Reshaping data in R

One of the frustrating things about using R (although it can be a positive thing too) is that there are often 25 different ways to do the same, or almost the same thing. Therefore, you want to do something, you have a look around, and then you find something that looks like it does what you want, but it doesn’t. It almost does, but it doesn’t. A few dead ends later and you have hit on something that works. The relief is tangible.

 

As I use R more (I’m supposed to be writing a bloody book on it, but seriously it’ll be the blind leading the blind), I find out how to do more stuff. I’m going to share things here.

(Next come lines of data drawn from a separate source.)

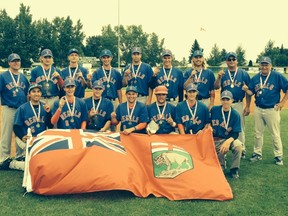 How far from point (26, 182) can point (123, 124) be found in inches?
97.4

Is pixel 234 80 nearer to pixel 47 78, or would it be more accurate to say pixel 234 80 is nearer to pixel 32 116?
pixel 47 78

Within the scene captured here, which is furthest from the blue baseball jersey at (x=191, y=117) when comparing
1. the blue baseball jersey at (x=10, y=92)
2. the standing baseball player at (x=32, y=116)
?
the blue baseball jersey at (x=10, y=92)

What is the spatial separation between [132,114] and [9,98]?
2.86m

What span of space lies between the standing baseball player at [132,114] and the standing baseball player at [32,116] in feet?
4.88

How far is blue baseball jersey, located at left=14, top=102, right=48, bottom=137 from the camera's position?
7742mm

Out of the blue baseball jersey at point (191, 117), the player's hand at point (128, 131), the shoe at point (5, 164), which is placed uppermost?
the blue baseball jersey at point (191, 117)

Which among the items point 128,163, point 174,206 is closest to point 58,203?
point 128,163

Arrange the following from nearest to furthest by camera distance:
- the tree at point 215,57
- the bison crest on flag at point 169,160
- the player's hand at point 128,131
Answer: the bison crest on flag at point 169,160 → the player's hand at point 128,131 → the tree at point 215,57

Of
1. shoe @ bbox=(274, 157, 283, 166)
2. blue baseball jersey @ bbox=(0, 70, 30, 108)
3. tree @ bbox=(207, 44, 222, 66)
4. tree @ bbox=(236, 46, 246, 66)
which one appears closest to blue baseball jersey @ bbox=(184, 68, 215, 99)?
shoe @ bbox=(274, 157, 283, 166)

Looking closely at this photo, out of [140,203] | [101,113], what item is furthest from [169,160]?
[101,113]

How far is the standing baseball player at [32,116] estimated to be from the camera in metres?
7.73

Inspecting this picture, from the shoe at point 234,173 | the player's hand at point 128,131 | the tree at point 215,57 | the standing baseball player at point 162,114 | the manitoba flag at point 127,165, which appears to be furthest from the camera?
the tree at point 215,57

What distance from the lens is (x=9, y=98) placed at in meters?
8.32

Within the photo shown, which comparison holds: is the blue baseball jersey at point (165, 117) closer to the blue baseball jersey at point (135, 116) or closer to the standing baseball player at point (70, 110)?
the blue baseball jersey at point (135, 116) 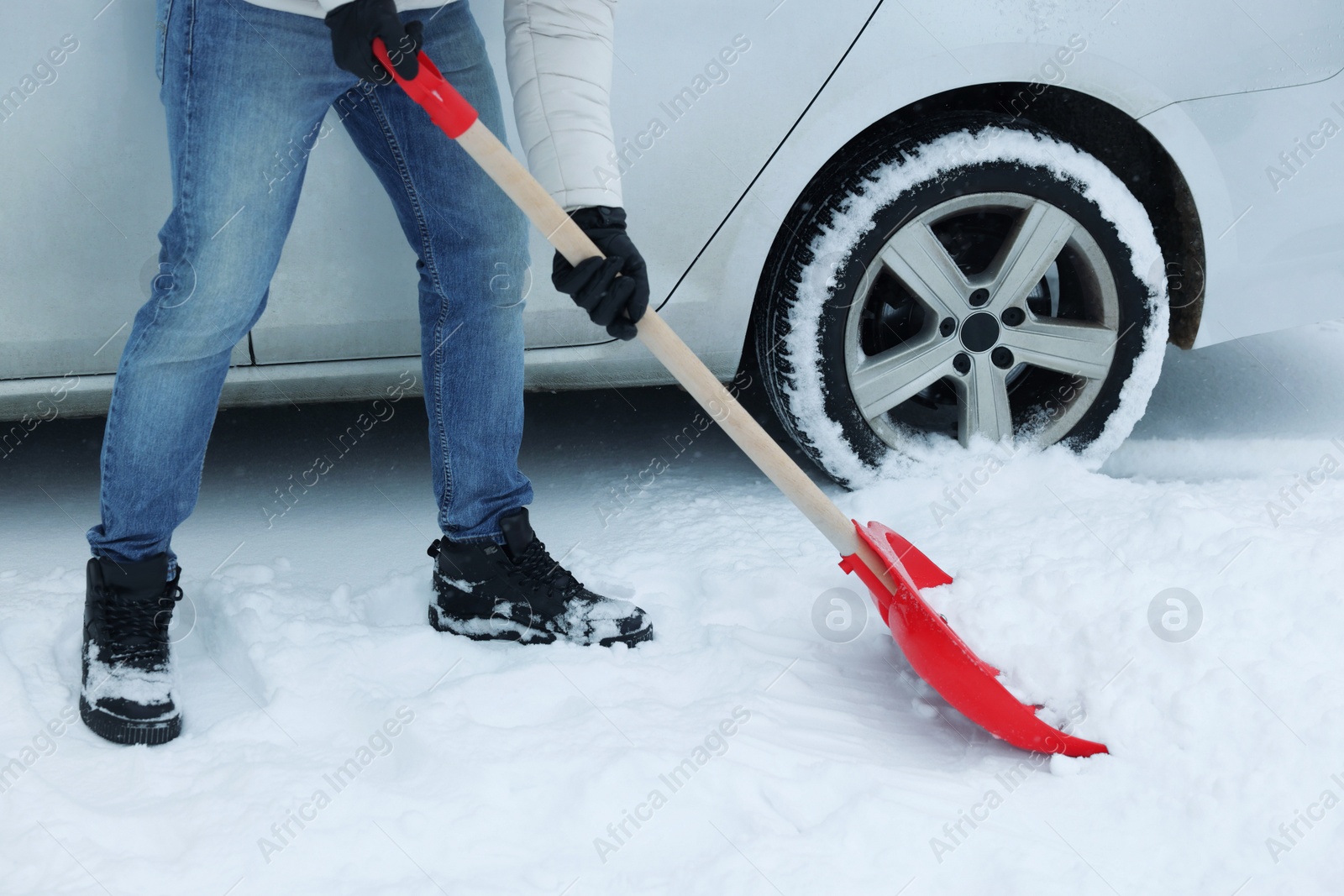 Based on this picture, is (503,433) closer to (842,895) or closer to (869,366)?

Mainly this is so I’ll remember to stick it in the book.

 

So, I had a data set that looked a bit like this:

 

Percent           animal

75     Cat

48     Cat

72     Cat

58     Cat

78     Cat

68     Cat

62     Cat

65     Human

68     Human

58     Human

65     Human

65     Human

78     Snail

68     Snail

58     Snail

48     Snail

65     Snail

68     Snail

 

Actually it looked exactly like that except I’ve ignored most of the data because no-one likes scrolling through data. I’ve also changed the example because it was tedious. A cat was recently asked to do jury service (http://www.telegraph.co.uk/news/newstopics/howaboutthat/8264782/Cat-ordered-to-do-jury-service.html) … hopefully the trial wasn’t for a cat burglar. Imagine , we wanted to test their abilities. We gave them several trial cases on a video screen, then asked them to decide guilty or not guilty by pressing a button. Their score is the number of decisions that they got correct. As a control we had some humans and snails. Not sure what the snails control for, but I like them (their eyes are cute when they stick out).

 

So, I’m doing a one-way ANOVA and I have three groups (helpfully labeled cat, human, snail) and an outcome: number of felons correctly identified as guilty. The data above are in the format SPSS expects them to be in. Then I decide that I want to do a robust ANOVA because the data have a weird distribution. To do this, R needs to see my in columns like so:

 

Cat      Human           Snail

75       65       78

48       68       68

72       58       58

58       65       48

78       65       65

68                   68

62    

 

Took me a while to work out how to do this very easy task. Basically, if your original data are saved in a data frame called ‘jury’ that has two variables (percent and animal) then you create a new data frame (I’ve called it newData) using unstack():

 

newData<-unstack(jury, percent~animal)

 

This will break up the variable ‘percent’ into columns based on the variable ‘animal’ in the data frame called ‘jury’.

 

There’s also a package called reshape that has functions cast() and melt() which took me ages to get my head around, but that I ended up using a lot in the book. They’re better for things that aren’t as simple as this example.